Masjid Ramah Difabel


Judul buku: Masjid Ramah Difabel: Dari Dari Fikih ke Praktik Aksesibilitas 
Penerbit: LKiS (Yogyakarta) Tahun: 2019 
ISBN: 978-623-7177-15-9 
Beli buku ini di Bukalapak
*** 
Jika pembaca memperhatikan judul buku ini, mungkin ada yang bertanya, “Apa yang dimaksud dengan masjid ramah difabel?” atau bertanya, “Mengapa dari Fikih?” Pertanyan pertama akan dijawab oleh buku ini secara keseluruhan. Pembaca dapat memperoleh informasi tentang apa yang dimaksud dengan masjid ramah difabel dengan membaca tuntas dari Bab 1 sampai dengan Bab 13. 

Saya membagi tiga belas bab itu dalam tiga bagian: bagian pertama tentang asal-usul relasi masjid dan aksesibilitas; bagian kedua menjelaskan tentang konsep dan gagasan ‘masjid aksesibel yang ramah difabel’; dan bagian ketiga, menyajikan contoh masjid aksesibel. Anda boleh membaca tanpa berurutan, karena ketiga bagian itu berdiri saling melengkapi dan tidak dibuat dalam baris berurutan. Dengan membaca tiga bagian itu, konsep masjid ramah difabel dijelaskan tuntas. 

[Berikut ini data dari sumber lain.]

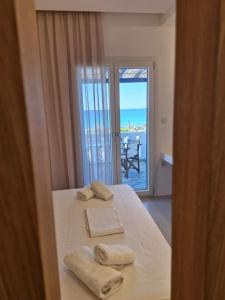 a bedroom with a bed with a view of the ocean at Villa Maniati Chrissi Ammos in Agios Petros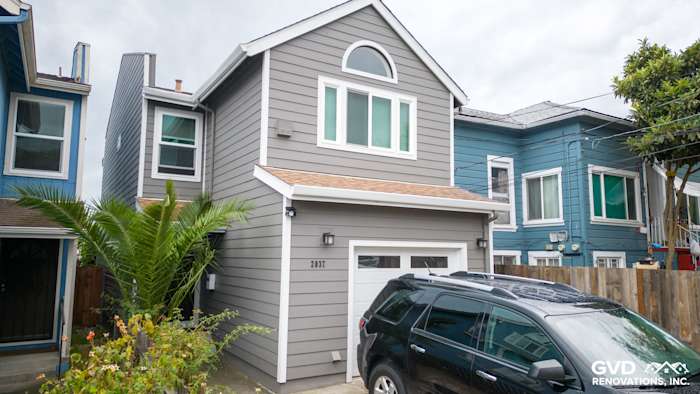 Home exterior featuring Aged Pewter James Hardie siding, Arctic White trim, and modern garage with SUV parking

Pertanyaan kedua, tentang munculnya Fikih di buku ini, dapat saya jawab demikian. Pertama, isu disabilitas di Indonesia kini mulai dibahas dari sudut pandang Fikih oleh banyak pihak ‘berwenang’ dalam urusan agama. ‘Kewenangan’ yang saya maksud dimiliki oleh NU, Muhammadiyah, dan perguruan tinggi agama Islam yang telah memilih ‘Fikih’ sebagai kata kunci dalam diskusi relasi Islam dan disabilitas. Fakultas Syariah UIN Sunan Kalijaga mengawali diskusi ini dengan menerbitkan buku Fikih Disabilitas pada tahun 2016. NU menerbitkan buku Fikih Penguatan Penyandang Disabilitas pada tahun 2019, dan Muhammadiyah juga tengah mendiskusikan penyusunan buku Fikih Disabilitas. Maka, buku ini bagian dari genre itu. 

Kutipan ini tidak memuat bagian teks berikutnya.